Requirement.
Omit all pictures, then retype exactly the lines from the one that contains "我们中医舌诊是通过舌的颜色、形状" through the end of the listing.

Source material.
+ + + +
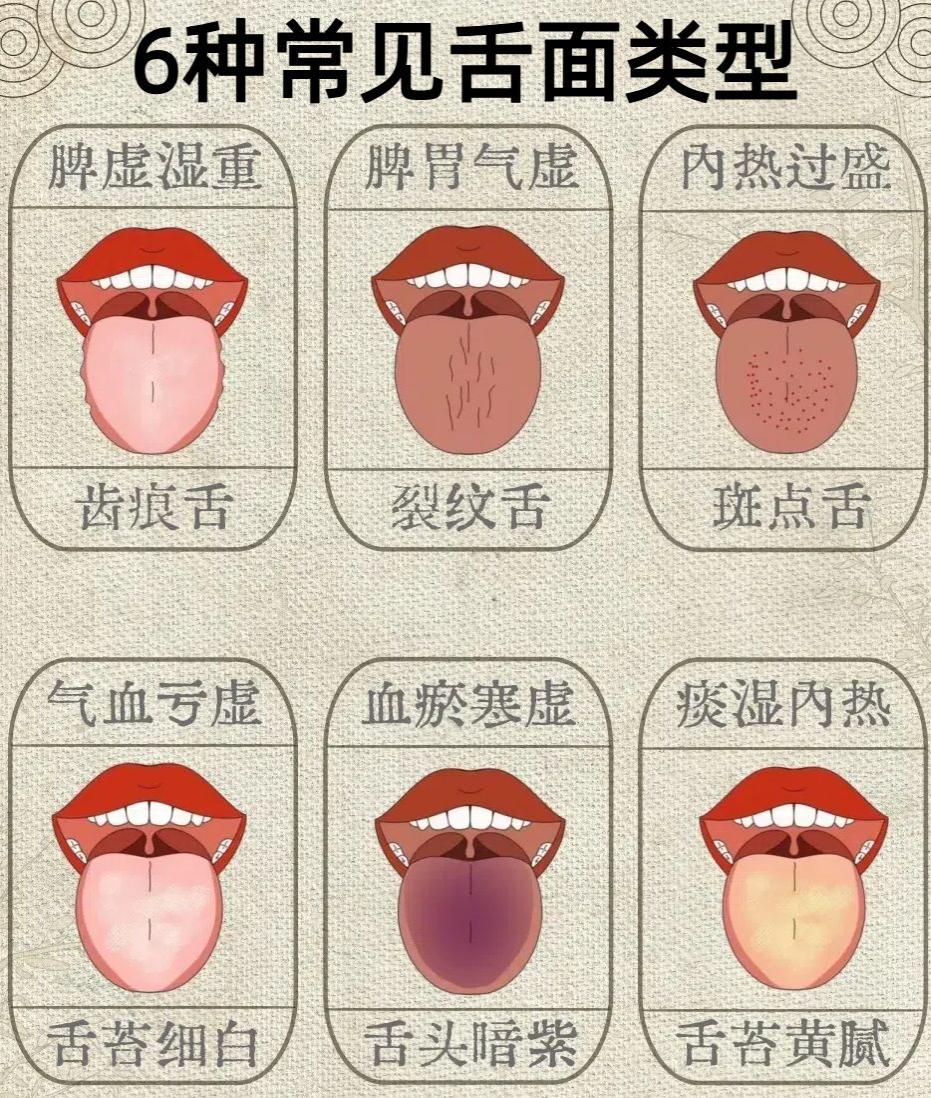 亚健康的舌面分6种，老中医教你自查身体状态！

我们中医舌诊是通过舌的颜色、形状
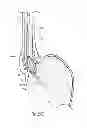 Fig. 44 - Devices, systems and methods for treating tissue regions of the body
+ + + +
Exercise output.
我们中医舌诊是通过舌的颜色、形状
 Fig. 44 - Devices, systems and methods for treating tissue regions of the body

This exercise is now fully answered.